Управляющий поклонился и вышел. Сергей остался один. Вечер спускался на Мирское. Из окна кабинета он увидел, как по деревенской улице, с коромыслом на плечах, шла девушка. Она была молода, может, лет восемнадцати, с необычайно живым, умным лицом, резко контрастирующим с общей апатией. Её движение было легким и грациозным даже в грубых лаптях и залатанном сарафане. Это была Дуняша, как он позже узнал, дочь умершего год назад конюха.
Он наблюдал, как она остановилась у крайней избы, заговорила с какой-то старухой, и на её лице появилась добрая, открытая улыбка. В ней было столько естественной жизни, столько нерастраченной силы… И он вспомнил холодные слова Шульца: «Излишек рабочей силы – продать».
В этот миг в окне мелькнула другая фигура – толстая, в казённой шинели, с брюхом, перетянутым ремнём. Местный заседатель, чиновник низшего ранга, объезжавший деревни. Он остановил Дуняшу, что-то сказал ей, нагло оглядывая с ног до головы. Девушка потупилась, отшатнулась, потом быстро юркнула в калитку. Заседатель постоял, усмехнулся и поплёлся дальше.

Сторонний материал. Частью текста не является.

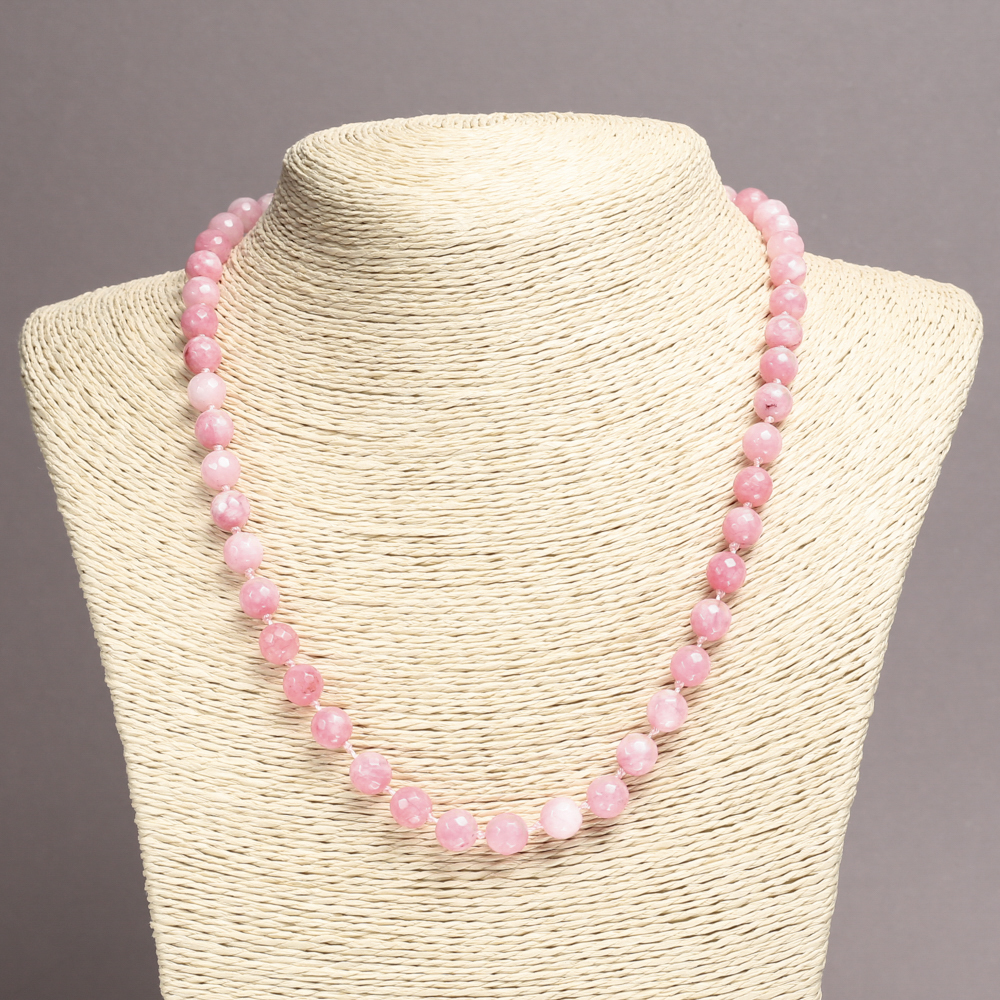 Tourmaline Necklace (Synthetic), Faceted Beads, 8mm Diameter, 45cm+ Length
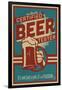 Certified Beer Tester-Lantern Press-Framed Art Print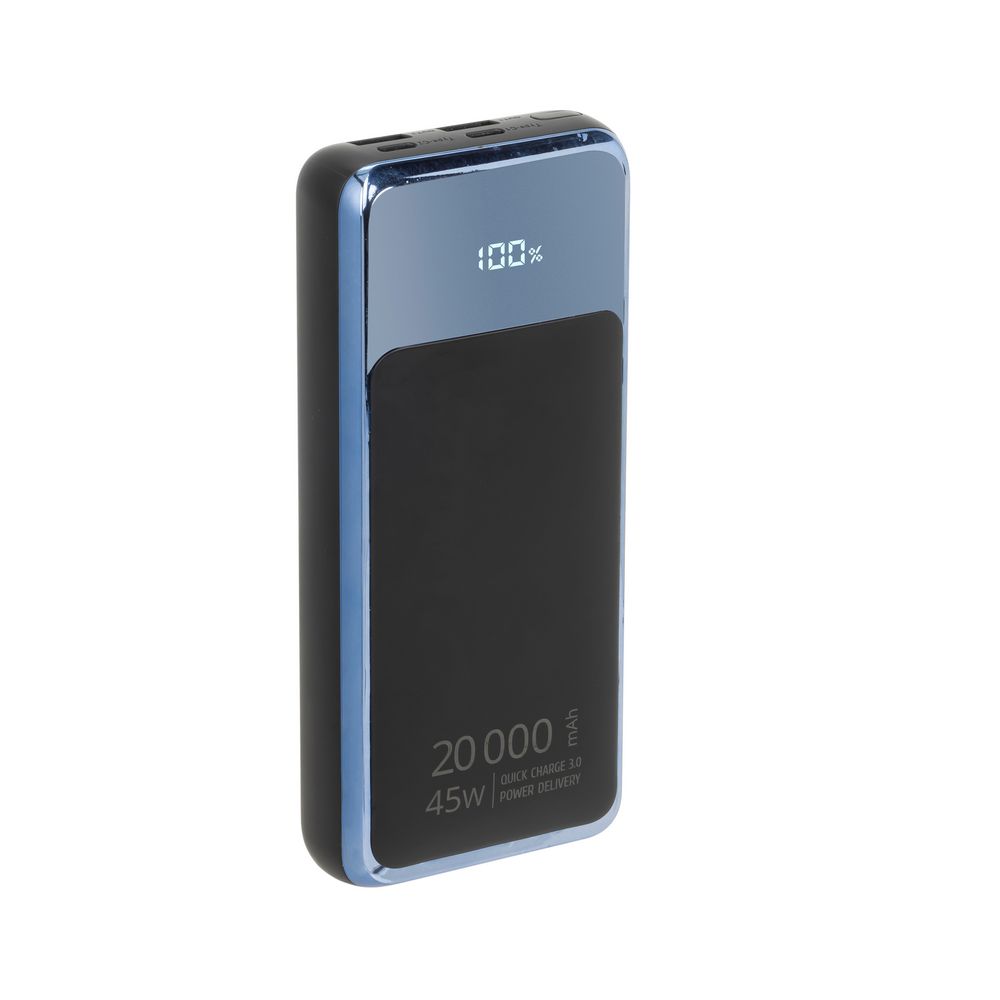 VA1075 (20000 mAh), black EU, QC/PD 45W portable battery with LCD, for laptops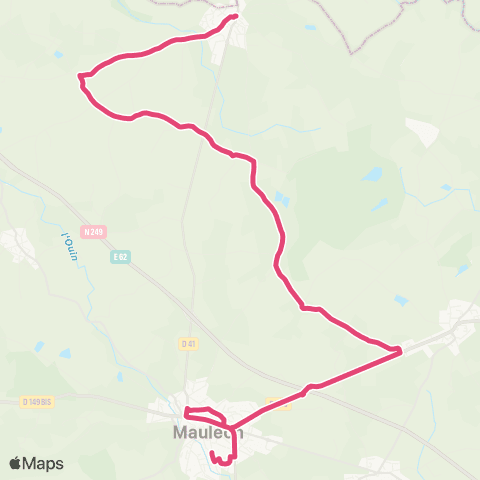 Tréma Scolaire Mauléon / St Pierre des Echaubrognes / Mauléon map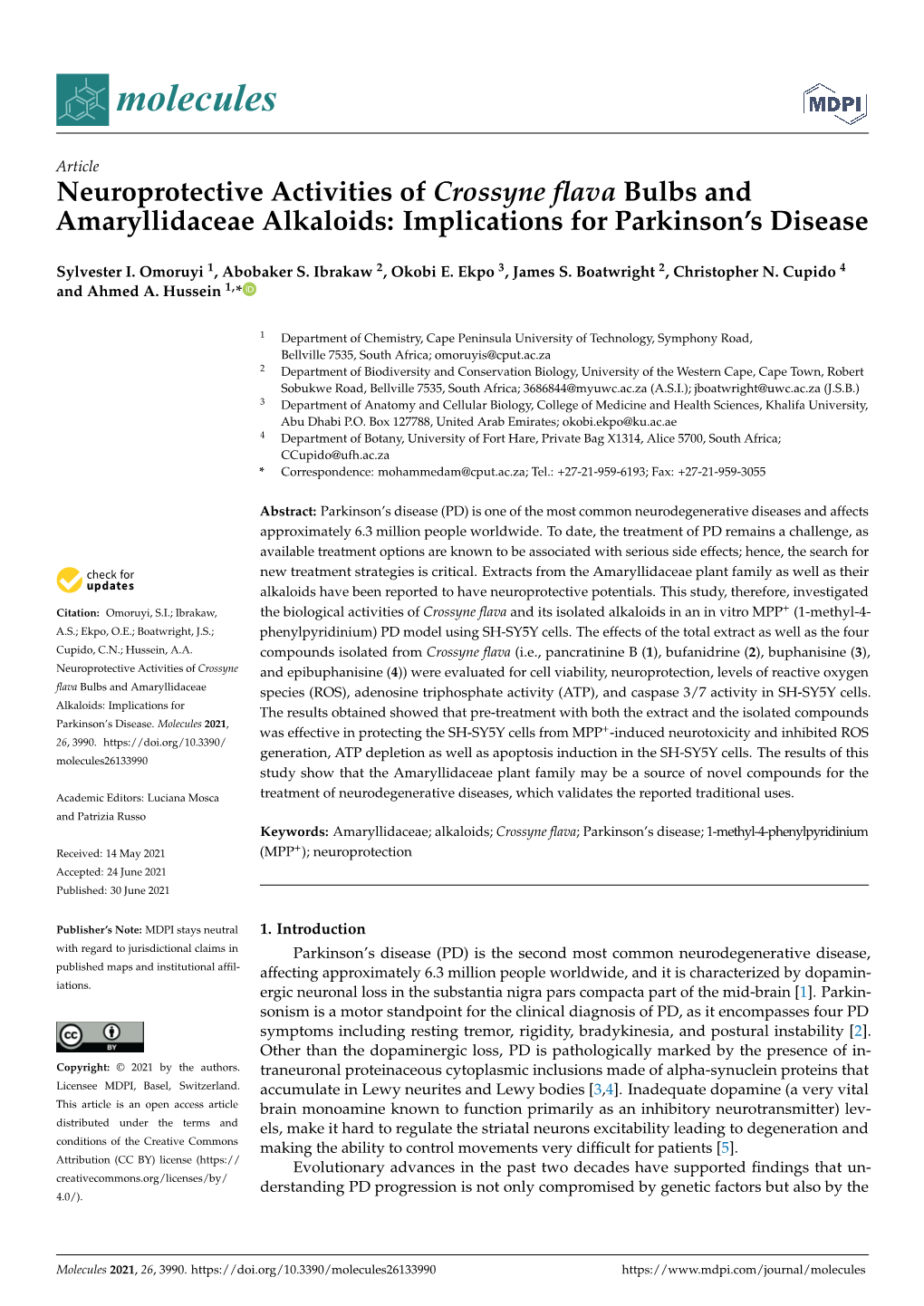 Implications for Parkinson's Disease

Сергей отступил от окна. В его голове пронеслись обрывки фраз: «ревизские сказки», «оздоровление экономики», «продать», «заседатель»… Он сел за стол и взял в руки тетрадь с ревизскими душами. Его пальцы провели по строке с именем несуществующего Спиридона. Он был здесь не для того, чтобы вести абстрактные споры о судьбах России. Он был здесь, чтобы решать судьбу живых – и мёртвых – душ. И первый урок реальности оказался прост и жесток: здесь не было места красивым теориям. Здесь была грязь, бедность, бесправие и люди, которые смотрели на него не как на спасителя или отца, а как на новое, неизвестное начальство, от которого можно ждать чего угодно. Чаще всего – худшего.
VI
Первая неделя в Мирском прошла в мучительном бездействии. Сергей пытался освоиться, обойти все углы усадьбы, разобрать бумаги дяди. Но всё это были отговорки. Главное — он не знал, с чего начать. Две программы действий, привезённые из Москвы, казались сейчас одинаково бесполезными. Как насаждать «прогресс» среди людей, чья жизнь была подчинена элементарной борьбе за выживание? Как стать «отцом» для тех, кто смотрел на него со страхом и глухой неприязнью?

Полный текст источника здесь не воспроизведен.